La sucrerie sera bientôt transformée en centre d’interprétation du sucre

La sucrerie de Francières a traversé les années pour vivre une nouvelle histoire : raconter son passé et le futur de la betterave.

 

Le sucre a fait l’histoire de la Picardie

Première région sucrière depuis la fin du XIXe siècle, la Picardie est le berceau du sucre. Entre 1880 et 1910, elle comptait près de 200 sucreries. « La Picardie a toujours été à la pointe de l’industrie sucrière et ses sucreries ont servi d’exemple en France comme à l’étranger » rappelle Bertrand Fournier, chercheur au service de l’inventaire du Conseil régional. Celle de Francières (60) est l’une d’entre elles.
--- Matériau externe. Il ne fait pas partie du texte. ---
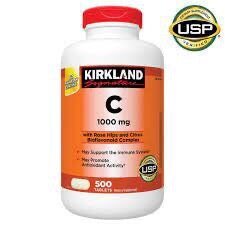Kirkland Vitamine C 1000mg - 500 comprimés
Créée en 1829, elle a su se développer et évoluer pendant 140 ans, tout en conservant son patrimoine. En témoignent le pavillon d’entrée de 1829 et le four à chaux de 1860. Mais face au développement des grands groupes industriels, elle n’a pas résisté : elle a fermé ses portes en 1969 et laissé son site à l’abandon depuis cette date. Menacée de destruction, la sucrerie de Francières a été inscrite aux Monuments historiques en 1999. « C’est tout un patrimoine industriel qui représente l’identité même de la Picardie. C’est important que ce lieu reste vivant ».

 

Une vie sociale autour de l’usine

Aujourd’hui en phase de nettoyage, la sucrerie sera réhabilitée en 2011 et ouverte au public début 2012. « Ce centre d’interprétation sera un lieu de mémoire de l’industrie sucrière » précise Michel Varoqueaux, président de l’association de sauvegarde de la sucrerie de Francières. Celle-ci œuvre depuis près de 15 ans pour qu’un tel projet voie enfin le jour. Forte de ses 350 membres, dont plusieurs anciens salariés, elle en assure actuellement la maîtrise d’ouvrage. « Nous serons bientôt les seuls témoins de ce passé ! » souligne Michel Varoqueaux. En effet, 80 personnes y travaillaient et toute une vie sociale s’y est développée. « Des familles entières ont travaillé ici, de père en fils » rapporte Jean-Pierre Bricout, propriétaire du site. « Il y avait une vie en autarcie. Les salariés logeaient en face de l’usine, allaient à la messe dans la chapelle de l’usine, leurs enfants étaient scolarisés dans l’école de l’usine. Le sucre était fourni, tout comme le lait, le charbon ainsi qu’un petit lopin de terre ».